*TASK STATEMENT*
The copy should hold exactly the lines below from the one that contains "أسعار تذاكر قطار" through the one that contains "DIGITAL REMASTERED" and nothing else, so no pictures.

(TASK DATA)

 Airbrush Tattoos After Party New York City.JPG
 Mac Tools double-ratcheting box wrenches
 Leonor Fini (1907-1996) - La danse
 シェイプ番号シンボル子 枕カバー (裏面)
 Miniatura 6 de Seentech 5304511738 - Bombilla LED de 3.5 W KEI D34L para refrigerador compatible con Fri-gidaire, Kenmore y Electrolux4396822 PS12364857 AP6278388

(End TASK DATA)
(TASK DATA)

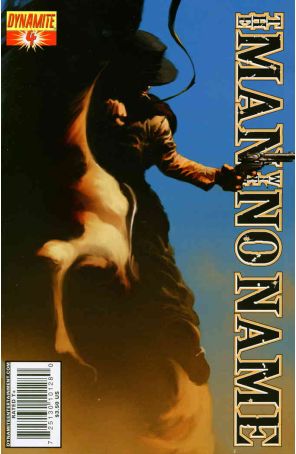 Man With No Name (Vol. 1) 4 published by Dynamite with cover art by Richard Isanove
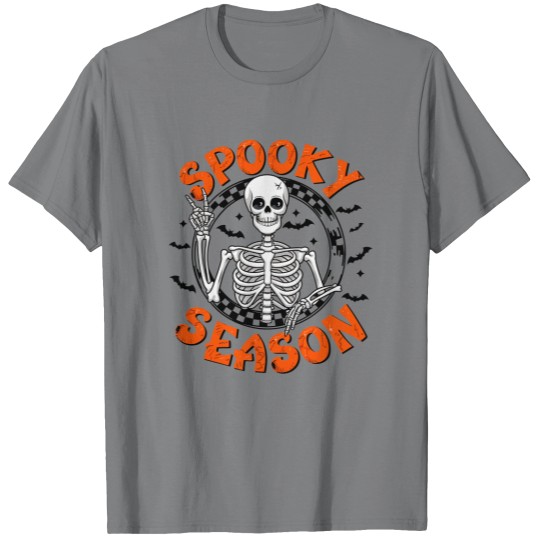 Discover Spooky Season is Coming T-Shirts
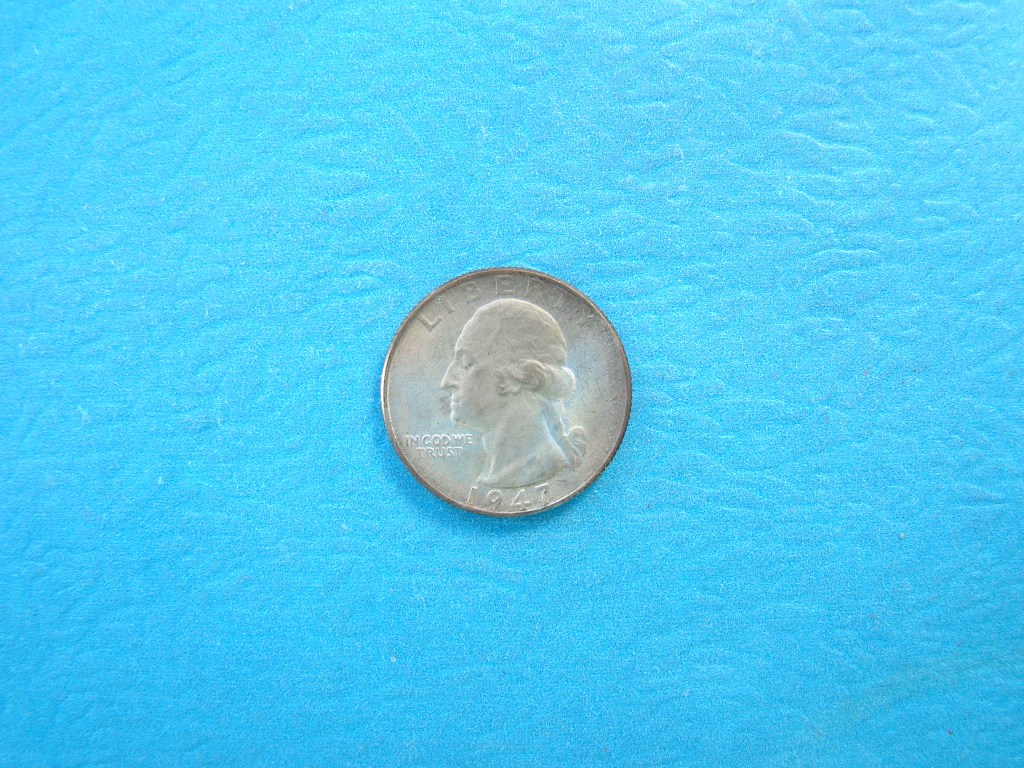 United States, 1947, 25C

(End TASK DATA)
(TASK DATA)

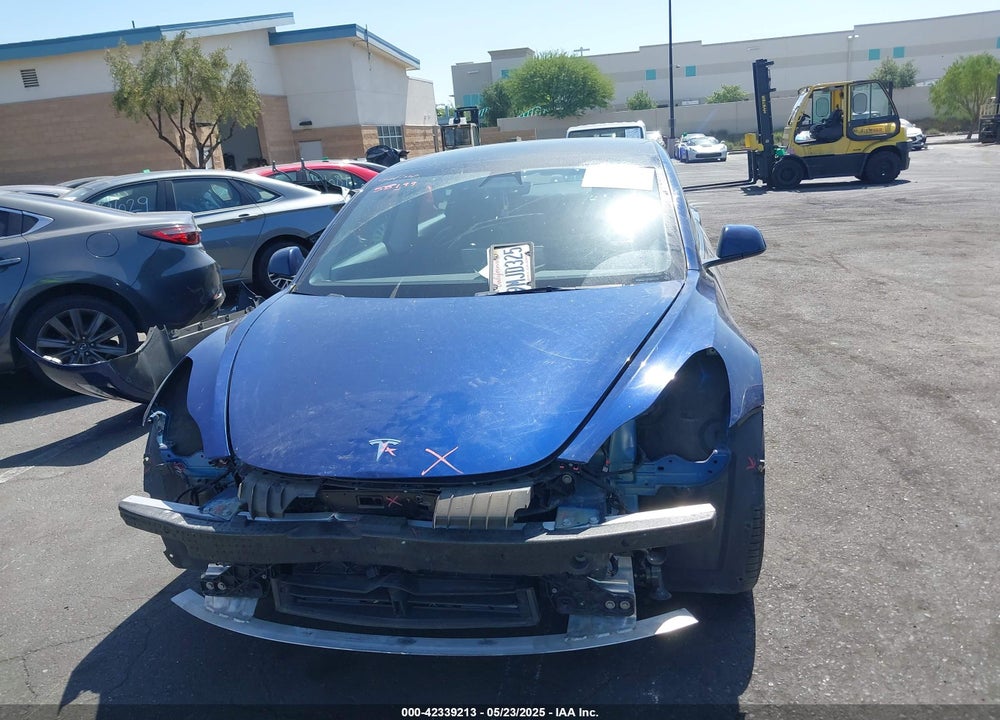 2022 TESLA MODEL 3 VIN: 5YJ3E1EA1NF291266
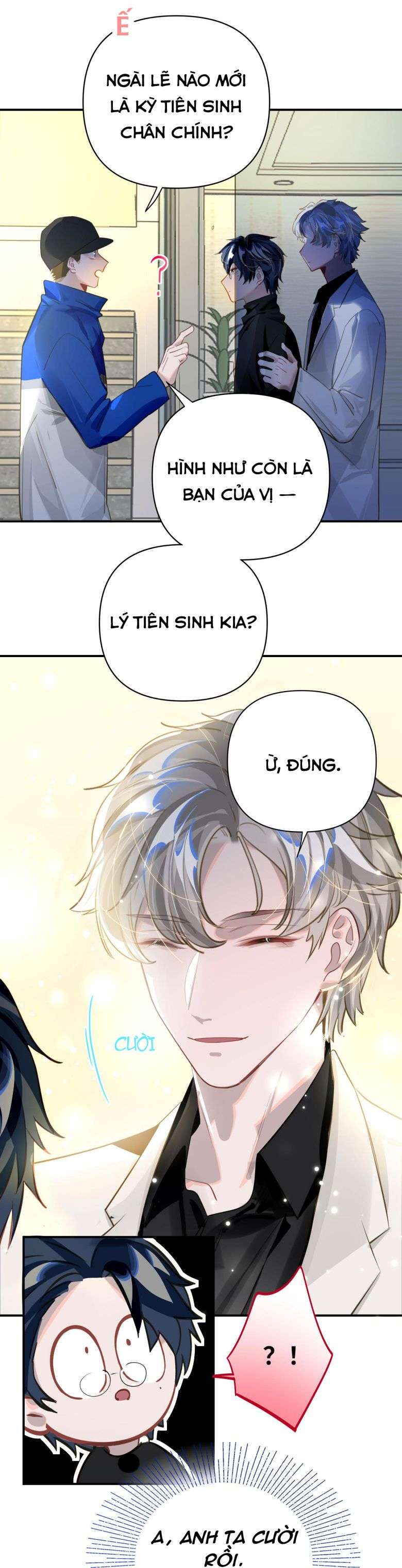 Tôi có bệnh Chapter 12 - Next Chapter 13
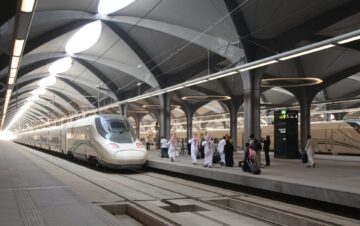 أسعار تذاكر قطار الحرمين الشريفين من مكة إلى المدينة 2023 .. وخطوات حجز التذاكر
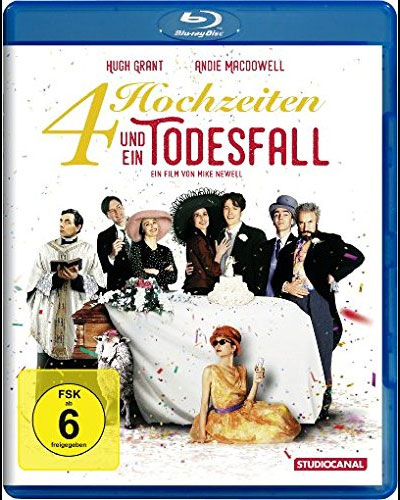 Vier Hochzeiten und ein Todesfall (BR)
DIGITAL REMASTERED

(End TASK DATA)

*FINISHED TASK*
 أسعار تذاكر قطار الحرمين الشريفين من مكة إلى المدينة 2023 .. وخطوات حجز التذاكر
 Vier Hochzeiten und ein Todesfall (BR)
DIGITAL REMASTERED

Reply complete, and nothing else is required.